Jean-Christophe Grellety – L'Action Littéraire –

http://jeanchristophegrellety.typepad.com

Cet appel est publié le sameid 20 Octobre 2012 sur le site de Médiapart, le Dimanche 21 Octobre sur le blog de l'Action Littéraire. 

-----------------------------------------------------------------------------------

La lettre envoyée fin juin 2012 : 

A l'attention de Madame Aurélie Filipetti,

Ministre de la Culture,

3 rue de Valois - 75033 Paris Cedex 01

Madame La Ministre,

Dans un monde où il faut toujours justifier de plus que son existence lorsque nous nous adressons à une personne titrée, c'est en tant que citoyen, auteur, intellectuel, que je me permets de vous écrire, quelques jours après la confirmation de votre désignation à la tête du Ministère de la Culture et de la Communication. Pour une partie des problèmes (les droits d'auteur des livres publiés), j'ai écrit une seule fois au précédent Ministre de la Culture, sans jamais recevoir la moindre réponse, mais nous sommes nombreux à avoir compris que le précédent gouvernement et la précédente majorité étaient peu à l'écoute des constats, des analyses et des propositions des citoyens.
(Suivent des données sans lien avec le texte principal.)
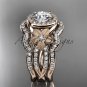 14kt rose gold diamond engagement ring. Moissanite double matching band ADLR127S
On nous dit, parce que ce fut un slogan de campagne, parce que c'est une affirmation répétée publiquement, que «les choses changent», et c'est aussi ce que j'entends savoir, mais aussi vous proposer. Faire changer les choses, c'est, nécessairement, agir sur la ou les structures fondamentales, et non agir aux marges. C'est bien pourquoi de prétendues «réformes» du gouvernement et de la majorité de 2007 à 2012 n'en étaient pas, puisqu'elles ne modifiaient en rien les structures fondamentales des différentes parties du système économique, comme la loi sur les retraites en est le symbole hélas parfait et dramatique. La centralisation française des forces politiques et économiques à Paris est notamment celle des «médias». Parmi ceux-ci, les chaînes de télévision occupent encore une place très importante. Publiques et privées, elles ont des obligations, communes et différentes, dans des cahiers des charges, mais aussi via la déontologie journalistique, et elles perçoivent des financements publics ou des moyens pour mener leurs activités. Dans leur «diffusion», ce qu'elles appellent «l'information» occupe une place quotidienne importante : journaux télévisés (JT), émissions de reportages, de commentaires de l'actualité, etc. L'élaboration et la nature de cette «information» s'inscrivent dans ce que beaucoup appelle le «pluralisme ». Parce qu'il y a des différences de statuts et de droits, je ne vais pas mélanger indistinctement les chaînes et radios publiques et privées, et donc je vais écarter de ma réflexion celles qui échappent à l'influence de la puissance publique. Les chaînes télévisuelles du service public sont, elles, censées incarner et faire progresser et ce «pluralisme», et les connaissances.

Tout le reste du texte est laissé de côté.